• Supplied material
# # # # # # #

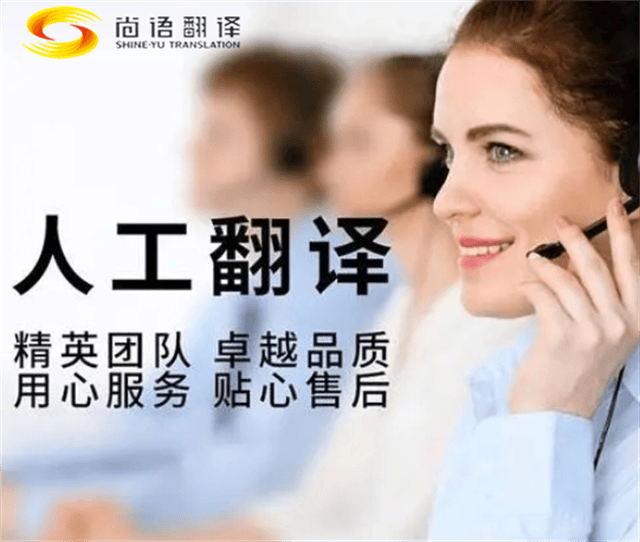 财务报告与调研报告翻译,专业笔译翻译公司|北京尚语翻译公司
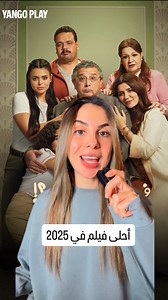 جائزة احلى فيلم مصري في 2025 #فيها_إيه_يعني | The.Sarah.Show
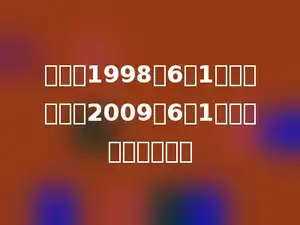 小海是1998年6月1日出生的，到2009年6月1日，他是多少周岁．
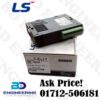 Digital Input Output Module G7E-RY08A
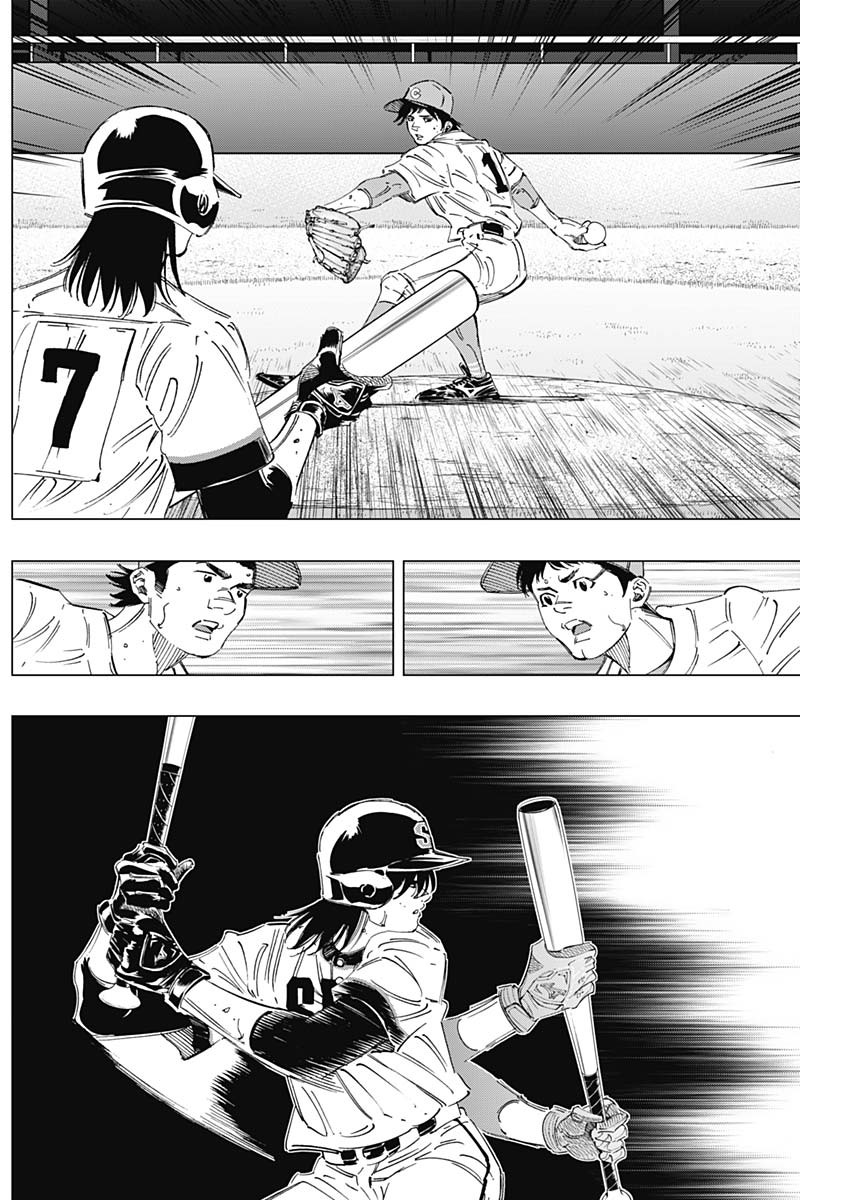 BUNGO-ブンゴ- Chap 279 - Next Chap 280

# # # # # # #

• Required work
The whole listing above must be set down again exactly, but without its images.

• Problem solution
 财务报告与调研报告翻译,专业笔译翻译公司|北京尚语翻译公司
 جائزة احلى فيلم مصري في 2025 #فيها_إيه_يعني | The.Sarah.Show
 小海是1998年6月1日出生的，到2009年6月1日，他是多少周岁．
 Digital Input Output Module G7E-RY08A
 BUNGO-ブンゴ- Chap 279 - Next Chap 280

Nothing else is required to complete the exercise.